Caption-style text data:

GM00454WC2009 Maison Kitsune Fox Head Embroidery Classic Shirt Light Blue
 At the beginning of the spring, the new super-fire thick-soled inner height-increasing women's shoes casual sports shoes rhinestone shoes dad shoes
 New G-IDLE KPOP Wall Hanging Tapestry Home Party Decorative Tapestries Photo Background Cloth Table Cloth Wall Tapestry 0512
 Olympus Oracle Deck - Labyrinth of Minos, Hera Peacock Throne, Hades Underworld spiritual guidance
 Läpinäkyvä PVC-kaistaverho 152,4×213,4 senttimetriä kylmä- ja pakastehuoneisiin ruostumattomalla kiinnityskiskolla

*Problem*:
Please give the full set of data again exactly.

*Result*:
GM00454WC2009 Maison Kitsune Fox Head Embroidery Classic Shirt Light Blue
 At the beginning of the spring, the new super-fire thick-soled inner height-increasing women's shoes casual sports shoes rhinestone shoes dad shoes
 New G-IDLE KPOP Wall Hanging Tapestry Home Party Decorative Tapestries Photo Background Cloth Table Cloth Wall Tapestry 0512
 Olympus Oracle Deck - Labyrinth of Minos, Hera Peacock Throne, Hades Underworld spiritual guidance
 Läpinäkyvä PVC-kaistaverho 152,4×213,4 senttimetriä kylmä- ja pakastehuoneisiin ruostumattomalla kiinnityskiskolla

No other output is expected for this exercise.